- LISTED ENTRIES
□ □ □ □

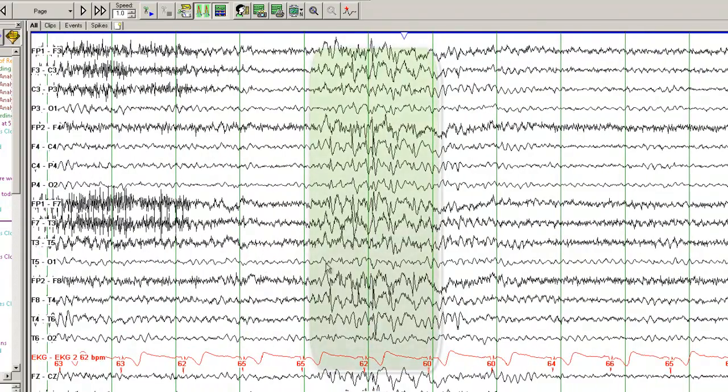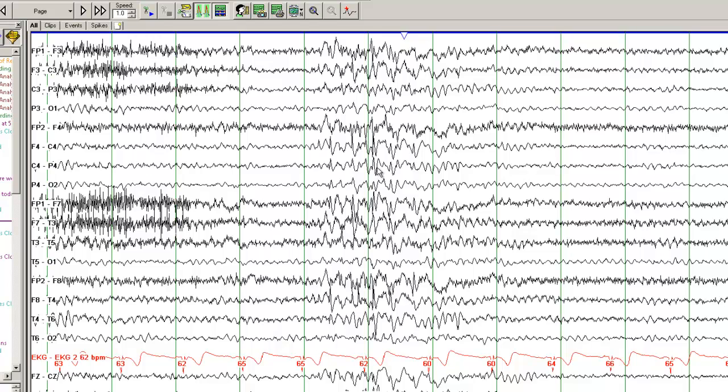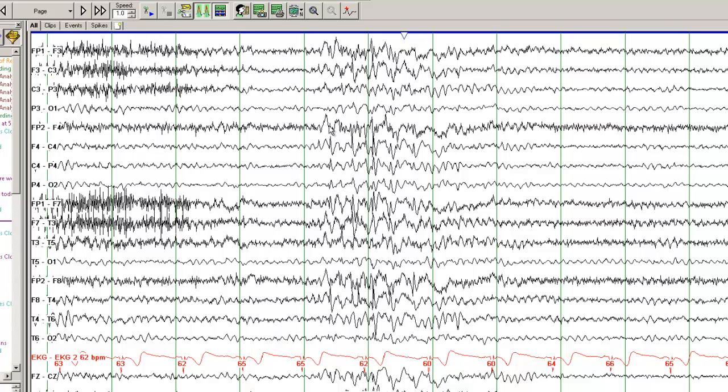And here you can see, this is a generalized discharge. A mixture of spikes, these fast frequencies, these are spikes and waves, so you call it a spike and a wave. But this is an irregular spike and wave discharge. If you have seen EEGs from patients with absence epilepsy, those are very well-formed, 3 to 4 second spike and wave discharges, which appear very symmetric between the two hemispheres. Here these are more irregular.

□ □ □ □

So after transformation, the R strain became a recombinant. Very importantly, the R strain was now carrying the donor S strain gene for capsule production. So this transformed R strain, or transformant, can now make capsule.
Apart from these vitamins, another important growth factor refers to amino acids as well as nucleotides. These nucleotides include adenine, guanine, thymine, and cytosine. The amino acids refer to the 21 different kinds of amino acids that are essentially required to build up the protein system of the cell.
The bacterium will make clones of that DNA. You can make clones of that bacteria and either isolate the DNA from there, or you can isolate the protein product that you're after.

□ □ □ □

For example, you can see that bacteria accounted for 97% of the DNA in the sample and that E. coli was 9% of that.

□ □ □ □

- WORK INSTRUCTIONS
From the material above, return every line that contains "bacteria".

- ANSWER FOR THIS EXERCISE
The bacterium will make clones of that DNA. You can make clones of that bacteria and either isolate the DNA from there, or you can isolate the protein product that you're after.
For example, you can see that bacteria accounted for 97% of the DNA in the sample and that E. coli was 9% of that.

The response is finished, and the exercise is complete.